Like Wild has performed live in the Lancaster area, most recently, an electric set at the Chameleon Club’s Lizard Lounge on October, 16, which Hatt said got nice and rowdy. He’s switching things up on December 6 with a gig at the Ephrata Main Theater.
“Playing solo at the theater and having a great sound system is gonna be great,” he said. “I’m planning on having a blast and a couple drinks.”
Hatt says he is hopeful for wild success for Like Wild, something that is budding in Lancaster and surrounding areas.
“I think Lancaster is great. Some people complain about it, but I mean, everyone complains about their hometown – it’s a pretty rad place whether you like metal or pop,” he said. “It’s good especially for the scene or style of singer/songwriter. There’s a lot of little bars and venues that support that.”

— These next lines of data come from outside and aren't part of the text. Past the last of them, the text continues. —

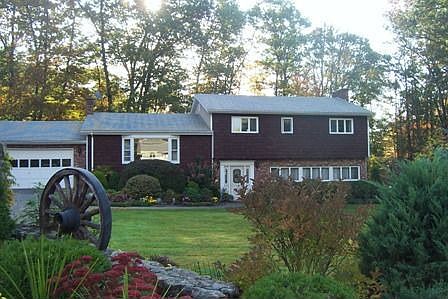 Open tri level home on lovely landscaped lot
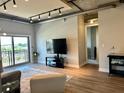 Open living area with exposed ductwork, industrial lighting, and sliding doors opening to outdoor views at 150 Bee St # 611, Charleston, SC 29401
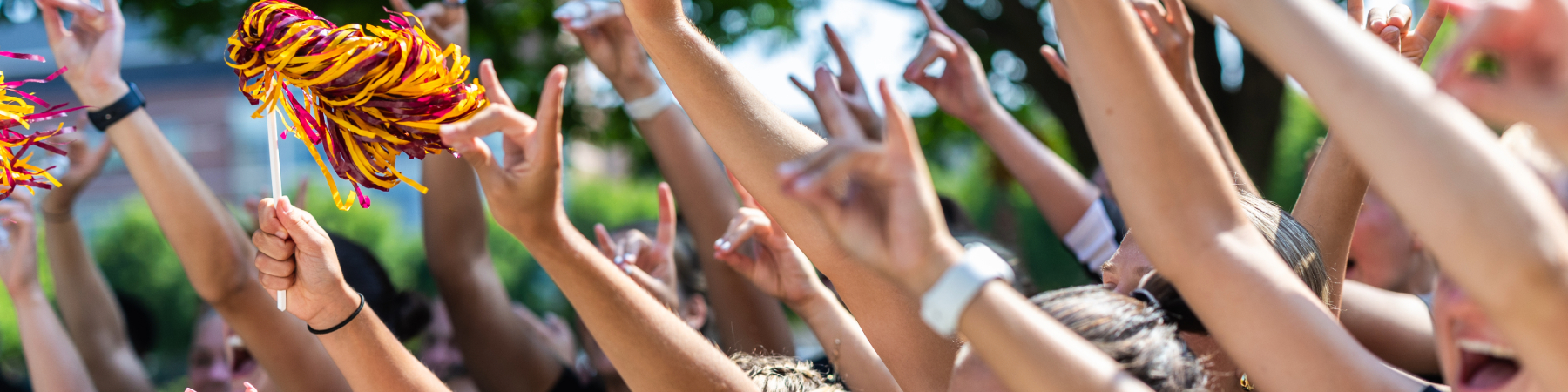 Close up image of students holding up a wolf symbol with their hands, waving pom-poms with their hands in the air.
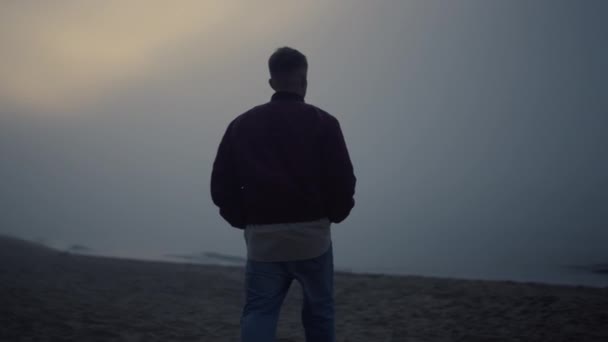 Giovane uomo che cammina sulla spiaggia sabbiosa nella nebbia mattutina. solitario ragazzo guardando mare orizzonte — Video Stock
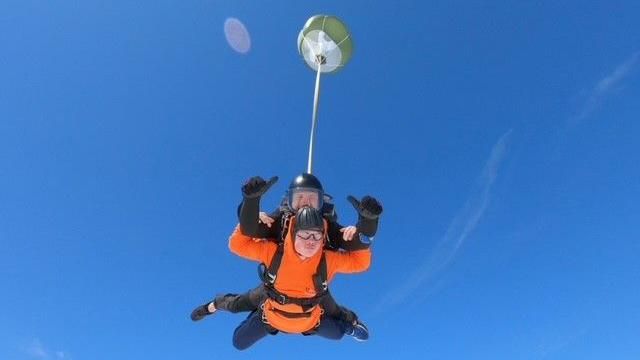 Teen and skydrive instructor mid skydive 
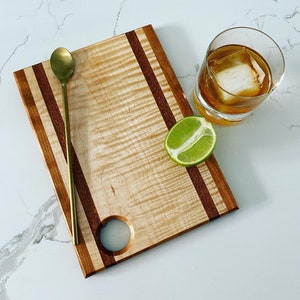 May include: A wooden chopping board with a natural wood finish and two dark brown stripes. The board has a round hole in the centre and a gold spoon on top. A lime wedge and a glass of iced water are on the surface next to the board.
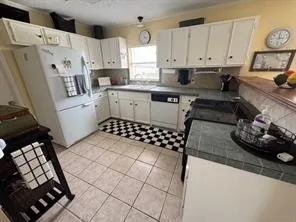 a kitchen with stainless steel appliances a stove a sink and a refrigerator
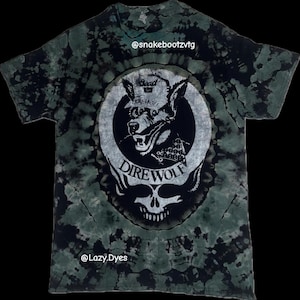 Puede incluir: Camiseta teñida con tinte anudado en tonos verdes y negros. Presenta un diseño de lobo con pañuelo, las palabras "Dire Wolf" y un diseño de calavera. También se ven los textos "@snakebootzvtg" y "@Lazy.Dyes".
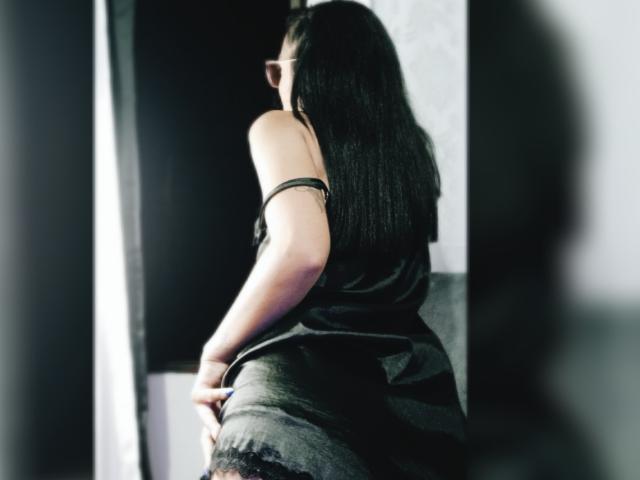 AnaisHilton with black hair, facing away, wearing a black top and dark striped skirt, showing her ass, standing in a shadowy, partially lit room.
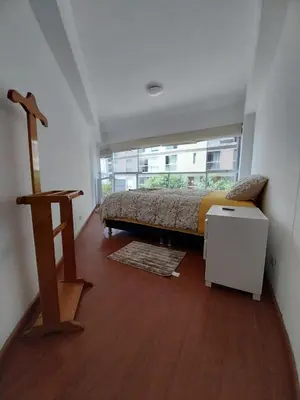 a small bedroom with a bed and a window at Fantastic Location in Miraflores in Perú in Lima
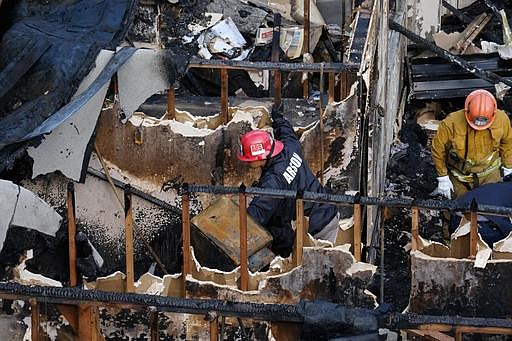 Los Angeles Fire Department arson investigators examine the burned-out ruins of an abandoned office building in the Westlake district just west of downtown Los Angeles Tuesday, June 14, 2016.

But as far as making his presence known, Hatt isn’t just hitting the pavement downtown, as important as that may be. He says he’s a true believer in the utility of online social media outlets like Facebook that have sprung into prominence in recent years.
And that, he says, is where un-signed musicians can make themselves known.
“I’m not anti-record label, but you should really only sign if it’s the right time and right situation,” Hatt said. “I see a lot of bands jumping to major labels and getting screwed over. The labels put money into them and then they don’t do what they originally wanted to do, get dropped, and are in debt.
“Nowadays there’s so much you can do to help yourself out. My EP I put out, the 2 song San Diego Sessions, since it was free, had triple the amount of people download it than I had people who bought anything. People love free music.”
Hatt says this is at least part his game plan for the time being.
“There are advantages to being unsigned,” he says. “With social networking there’s so much you can do for yourself. You don’t really need a record label. It’s not something I’m really worried about right now.”
Fans should keep an eye out for either a 7-or-so song EP or a full length, as well potential regional tours within the next several months, Hatt says. Such endeavors will spring forth from the singer/songwriter going about his musical life and daily life (he’s also an employee at Rachel’s Creperie on Queen Street in downtown Lancaster) the way he always has.
“I work on the music side and the business side every day, whenever I get some time, and it’s always different,” he said. “Right now it’s 6:15 p.m. and I haven’t done anything at all today; other days it’s not like that at all.
“I’m almost always on my computer or working on the music whenever I get some inspiration. And sometimes I just don’t feel it, and so I stop. But when I feel like it, I run with it.”